Kepala BNN Kota Solo, David Henry Andar Hutapea mengatakan secara tingkat penggunaan relatif di Kota Solo cukup tinggi.
BNN Kota Solo mencatat kasus narkoba pada tahun 2018 mencapai 116 kasus, 2019 138 kasus, 2020 139 kasus dan 2021 101 kasus.
“Jadi kalau kita lihat memang Solo diurutan kedua untuk Jawa Tengah. Hingga saat ini angka penggunaan narkoba masih kebanyakan yang pengguna,” ujar David usai menggelar rapat kerja pemberdayaan masyarakat anti narkoba, Selasa (16/5/2023).
Kota Solo sebagai titik peredaran narkoba harus diwaspadai. Menurutnya hal ini tentu harus menjadi atensi semua pihak bukan hanya BNN atau Polri saja tapi bagi semua pihak.
“Yang disasar semua masyarakat kita juga warga. Jadi ini tentu ini harus jadi concern bagi kita bersama,” ujar David.
BNN Kota Solo mencatat rentang usia pemakai narkoba di Kota Solo berkisar 17-35 tahun.
“Memang kita harus paham bahwa itu rentan usai yang produktif. Kalau dia sejak dini menggunakan maka di usia produktif itu dia akan terganggu. Jadi ini yang menjadi konsen kita,” kata David.
Menurut David penanganan terhadap kasus narkoba tidak bisa menyasar satu rentang usia saja. Melainkan usia ke bawah maupun ke atasnya pun termasuk.

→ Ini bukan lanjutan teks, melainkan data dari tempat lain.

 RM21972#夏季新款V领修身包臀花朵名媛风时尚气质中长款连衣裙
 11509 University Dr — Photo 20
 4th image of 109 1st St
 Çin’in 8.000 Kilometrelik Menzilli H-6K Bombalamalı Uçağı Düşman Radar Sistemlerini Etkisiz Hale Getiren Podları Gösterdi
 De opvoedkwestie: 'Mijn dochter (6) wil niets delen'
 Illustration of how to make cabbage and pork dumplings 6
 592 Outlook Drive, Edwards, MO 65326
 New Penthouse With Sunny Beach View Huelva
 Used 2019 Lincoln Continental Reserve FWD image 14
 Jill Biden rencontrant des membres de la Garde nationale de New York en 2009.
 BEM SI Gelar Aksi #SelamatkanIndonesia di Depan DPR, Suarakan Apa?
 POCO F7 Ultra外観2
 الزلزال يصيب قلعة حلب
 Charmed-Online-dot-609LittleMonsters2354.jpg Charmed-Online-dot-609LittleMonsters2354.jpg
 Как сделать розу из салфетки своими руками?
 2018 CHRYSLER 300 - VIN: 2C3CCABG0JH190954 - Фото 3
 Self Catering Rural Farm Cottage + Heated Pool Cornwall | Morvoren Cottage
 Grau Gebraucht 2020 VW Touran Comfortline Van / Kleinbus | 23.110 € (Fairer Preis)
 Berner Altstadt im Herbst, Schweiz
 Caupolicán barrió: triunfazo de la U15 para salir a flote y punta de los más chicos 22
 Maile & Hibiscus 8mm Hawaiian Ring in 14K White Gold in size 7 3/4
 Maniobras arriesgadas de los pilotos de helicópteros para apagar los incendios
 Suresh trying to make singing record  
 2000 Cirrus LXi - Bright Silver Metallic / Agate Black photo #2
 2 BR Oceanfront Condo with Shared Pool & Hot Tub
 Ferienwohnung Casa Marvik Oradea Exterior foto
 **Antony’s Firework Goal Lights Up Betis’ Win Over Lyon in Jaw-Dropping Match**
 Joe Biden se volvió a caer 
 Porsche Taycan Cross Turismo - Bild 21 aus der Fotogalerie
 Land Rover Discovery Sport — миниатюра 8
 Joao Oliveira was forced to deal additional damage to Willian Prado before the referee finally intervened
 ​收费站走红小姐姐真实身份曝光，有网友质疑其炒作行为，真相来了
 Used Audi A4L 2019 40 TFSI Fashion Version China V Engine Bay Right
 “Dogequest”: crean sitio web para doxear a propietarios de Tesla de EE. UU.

“Ini yang lagi-lagi kita sampaikan kita harus melibatkan semua pihak rentan usia bapak ibu anak harus terlibat semua,” kata David.
Rerata sabu-sabu menjadi jenis narkoba yang paling ngtren dalam penemuan kasus di Kota Solo. Setelahnya baru tembakau yang popularitasnya timbul tenggelam.
“Jadi kalau yang saat ini sedang ngtren adalah sabu. Belakangan tembakau gorila cuma kalau kita lihat tembakau gorila tren sesaat. Sabu ini yang sudah cukup lama trennya,” ujarnya.
“Semacam concern bagi kita semua, selain tembakau gorila ganja yang konvensional juga masih jadi ancaman,” sambung dia.
Pertemanan dan lingkungan tempat tinggal atau pergaulan, tempat kos hingga hiburan malam menjadi tempat yang potensial dijadikan peredaran narkoba berkembang di Kota Solo.
“Tempat tongkrongan juga harus diwaspadai karena sering kali sindikat gelap peredaran narkoba menggunakan keramaian karena lebih sulit untuk memantau,” ujar dia.